Jacques Jouet, enfin, a choisi la voie de la transposition, dans L’Amour comme on l’apprend à l’École hôtelière, « oui et non » le roman de sa famille, un roman-fleuve, épique, aux multiples épisodes et aux quasi-bifurcations narratives sous forme de notes de bas de page. Dans un épilogue, il explique comment il y a mis en scène son frère décédé et certains des siens, tout en inventant ce qu’il ignorait et en déplaçant ce qu’il savait, exerçant pour son frère Michel, dont il jugeait la personnalité exceptionnelle, un « devoir de potentialité » : le livre avait pour objectif d’en faire un personnage [29].

Le roman s’est écrit mutatis mutandis, en changeant ce qui doit être changé, en inventant ce qui n’est pas su. Ce n’est pas, au sens strict, une contrainte oulipienne pour écrire du roman, c’est simplement une méthode (assez oulipienne d’ailleurs) avec un but, si l’on veut bien que la vie concrète soit beaucoup moins un point de départ qu’un aboutissement du roman [30].

À en croire les auteurs oulipiens, succomber à la tentation autobiographique – ou s’y résigner par effet de mode – serait donc un geste à considérer avec la plus grande circonspection ; d’où une remarquable palette de ruses pour contourner, questionner, esquiver le modèle. Cette volonté de différenciation générique rejoint une condamnation somme toute assez classique de l’autobiographie, « mauvais genre »  que l’on se plaît à dire impudique, ennuyeux, ressassant.
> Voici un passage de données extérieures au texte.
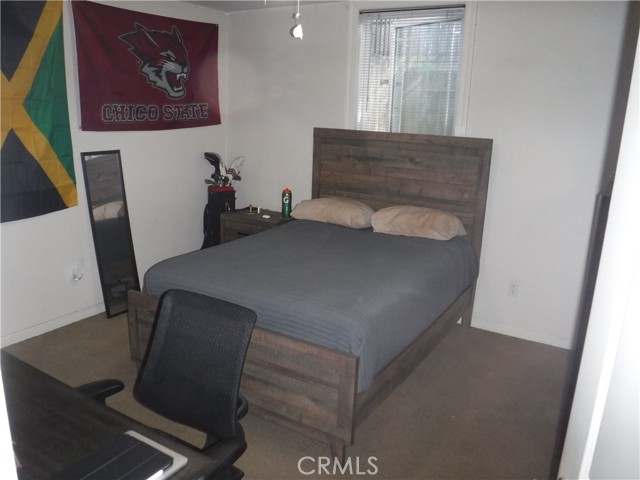 480 E 3rd Street, Chico CA: https://media.crmls.org/medias/315e31bf-5f14-4763-9d74-a9c2a781b482.jpg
Mais surtout – et c’est ce qui la rend oulipiennement suspecte – elle serait dépourvue de la littérarité qui fait l’œuvre vraie.

 

  1. Autobioformes

Il existe pourtant nombre d’œuvres oulipiennes où les deux dimensions se concilient, et où la contrainte est appliquée au récit de soi, lui ouvrant une nouvelle possibilité d’existence. Là encore, c’est Queneau qui a frayé cette voie originale avec Chêne et chien (1932). Dans ce recueil, qu’il qualifie de « roman en vers », l’auteur raconte sa vie, de sa naissance à l’âge adulte, en passant par sa psychanalyse :

Je naquis au Havre un vingt et un février
en mil neuf cent et trois
Ma mère était mercière et mon père mercier :
ils trépignaient de joie [31].

Chêne et chien reste une œuvre singulière, et largement pré-oulipienne. Elle donne néanmoins une indication sur le fait que l’autobiographie est capable d’une certaine plasticité : épouser le choix d’un genre qui n’est pas son mode d’expression naturel (la poésie), y ajouter une idiosyncrasie (la métrique quenienne). Olivier Salon s’en est souvenu pour raconter, sous une forme versifiée, l’escalade d’El Capitan dans le parc Yosémite, lorsqu’il a vécu plusieurs jours à même la falaise grâce à un dispositif appelé « portaledge [32] ». On peut même imaginer que l’usage d’une forme spécifique légitime, voire suscite la tenue d’un discours personnel, qui trouve ainsi une alternative à la plate confession.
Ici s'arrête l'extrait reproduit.